If the national real estate market collapses in China, it would be disastrous not just for China but for the entire world economy, risking a third wave of the global crisis that began with the U.S. financial collapse and worsened with the Euro crisis. Is Phoenix Island an outlier, a crazy market so extreme that it tells us little about China? Is it the start of a major but recoverable setback? Or, in the worst-case scenario, is it the beginning of the end for China’s astounding 20 years of miraculous economic growth?

In some ways (but not all), China is even more exposed to the dangers of a real estate collapse than America was. Washington Post business reporter Jia Lynn Yang pointed out last fall that urban housing stock constituted 41 percent of Chinese household wealth of 2011. The number was 26 percent in the U.S. In other words, Chinese families tend to invest almost twice as much of their money in urban real estate than do American families. So, if you thought Americans were hit hard when that real estate suddenly lost value, it could be even worse for Chinese, who also tend to put much more of their earnings into long-term investments than do Americans. That said, it would also take a bigger drop in prices for the market to collapse, as Chinese buyers tend to put down larger down payments.

And here’s the really scary number: 13 percent of Chinese GDP in 2011 came from real estate investment. 13 percent! If that investment stalls abruptly, as it did in Phoenix Island, the rest of the Chinese economy could follow.
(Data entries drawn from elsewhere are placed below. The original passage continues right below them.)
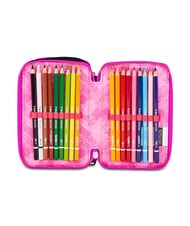 SEVEN PLUMPY LINE GIRL Trousse &agrave; crayons avec kit scolaire Noir - &Eacute;tuis et Accessoires - 5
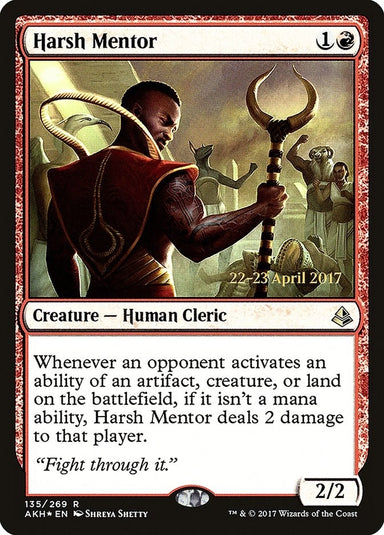Image for Harsh Mentor (135) (PRE) - Magic: The Gathering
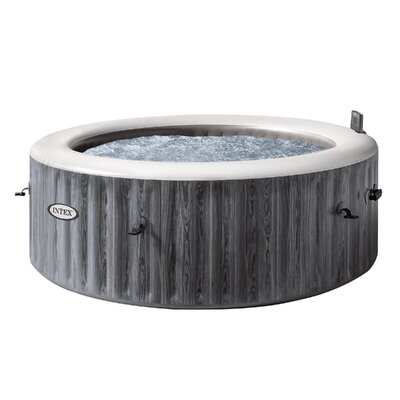 Coleman 6-Person Greywood Deluxe Inflatable Hot Tub, Heated Spa, Outdoor Relaxation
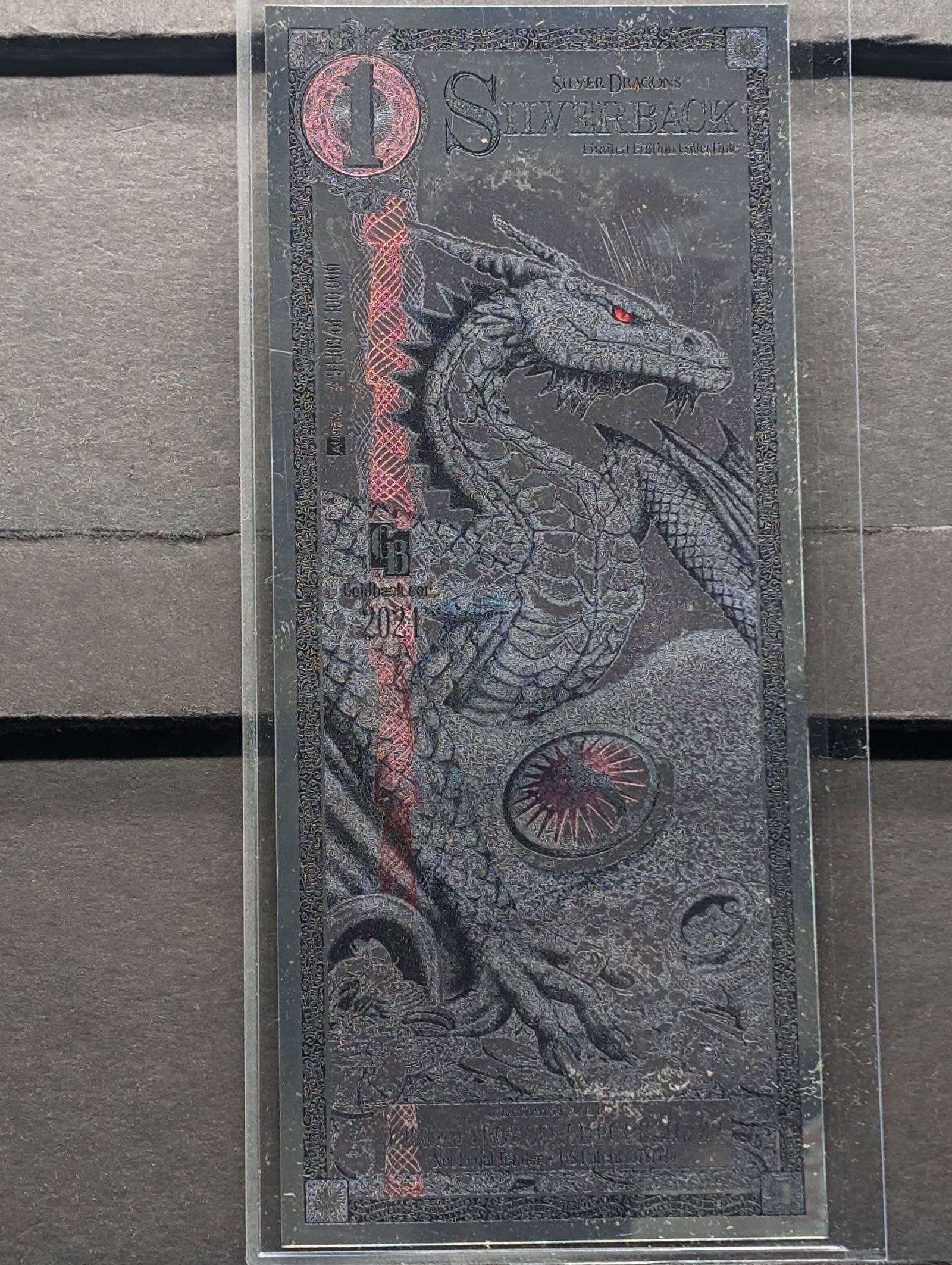 Limited Edition 1/100th Troy Oz. PURE SILVER 2024 Silver Dragons $1.00 Silverback - AWESOME PIECE!! (1 of 3)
That could cause political instability in China and, much more certainly, would set back the global economy.

The problem is that the Chinese tend to put their money in real estate because they perceive it as a safe and reliable investment. This drives up prices, which leads more Chinese to invest, which drives up prices more. But because people are treating housing as an investment, the market is artificially inflated. People buy apartments but don’t live in them. One day, it’s possible that Chinese consumers will wake up and decide that those investment apartments aren’t such safe investments after all, or maybe they’ll just need to free up the cash they used to buy them, at which point they’ll want to start selling. That will lead prices to drop, perhaps catastrophically. If you’re a standard Chinese family with 41 percent of your money tied up in real estate and that real estate loses more than half of its value, as it did in Phoenix City, then it’s like a whole bunch of your money just disappeared.
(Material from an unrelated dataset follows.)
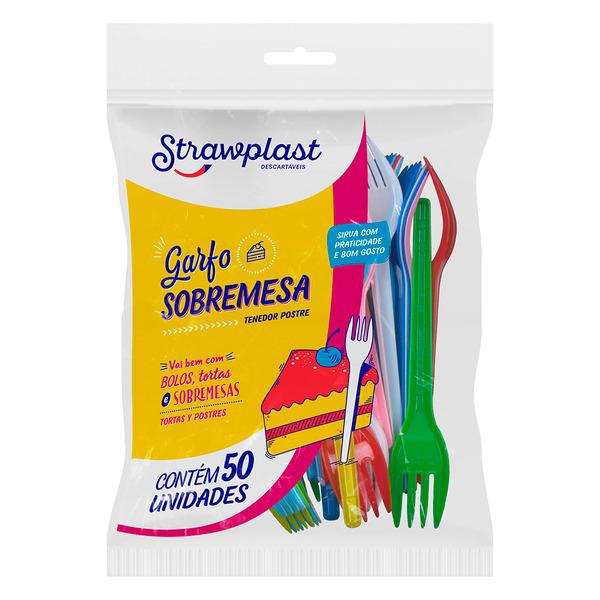 GSM-527 GARFO FESTA MISTO STRAWPLAST C/50UN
I asked Patrick Chovanec, whose economics teaching at China’s prestigious Tsinghua University has made him a respected and much-cited source on China’s economy, how we would know if the Chinese real estate bubble was bursting. In other words, when do we start panicking?

“As long as the money supply keeps expanding aggressively (15%+ per year), and people (absent alternatives) are willing to plow that money into real estate and hold it, this [real estate market] can persist for some time,” Chovanec explains in an e-mail. “But when the flow of new money slows — either because of the need to rein in inflation, including housing inflation, or the need to roll over and refinance bad debt (often at rising rates of interest) — the whole thing begins to unravel.”

Is Phoenix Island, in Florida-like Hainan province, the beginning of the end? Chovanec writes, “Some of the quotes (besides mine) in the article suggest this could be happening in Hainan — we’ll have to wait and find out if that is what’s happening, and whether it signifies a broader deleveraging that would have implications beyond Hainan.”

How, I asked Chovanec, would the market actually collapse, if it does? It turns out that, because China’s economy is so “opaque” – much of the action happens informally, which makes it really hard to watch for indicators – the market basically collapses when Chinese consumers believe it is collapsing. Here’s Chovanec, with my emphasis added:

It’s very very hard to tell. First of all, because so much financing has gone outside the banking system, the standard measures of money supply (M1, M2) don’t tell us very much any more about the amount of “money” (i.e., credit) in the Chinese economy. Most of the credit expansion we’re seeing is off balance sheet. In fact, a lot of credit growth that we’re seeing is inter-company or buyer credit — companies pretending they have sales when in fact they may or may not ever get paid.

Second, it’s hard to tell how much of that credit expansion is being “eaten up” by the need to roll over bad debt at interest, rather than financing new investment. That’s where the real crunch comes, and why we’re seeing, consistently, the returns (in terms of GDP growth) to credit expansion decline. In other words, it takes more and more credit expansion to deliver less and less economic growth — less bang for the buck.

So it’s an opaque process that depends, in large part, on the willingness of everyone to believe that they will, somehow, get paid in the end. If that ever comes into doubt, credit suddenly disappears and everyone rushes to cash out, and there isn’t enough cash to meet all claims. I don’t know if and when that will happen, but even if it never happens, the dependence on credit expansion to roll over more and more bad debt inevitably puts a squeeze on growth.

As long as Chinese consumers wake up every morning feeling basically okay about having 41 percent of their money invested in real estate, we’re probably okay. But if they start to change their minds, whether for political or economic reasons or out of sheer panic, the Chinese economy is not ready to cash them out. It would be like a run on the bank, except that the bank is an overinflated real estate market that’s worth 13 percent of the 2011 GDP of the world’s second-largest economy.

A real estate collapse in little Phoenix Island or in less-little Hainan is probably not the starter pistol for that bank run, unless Chinese consumers decide it is, in which case it is.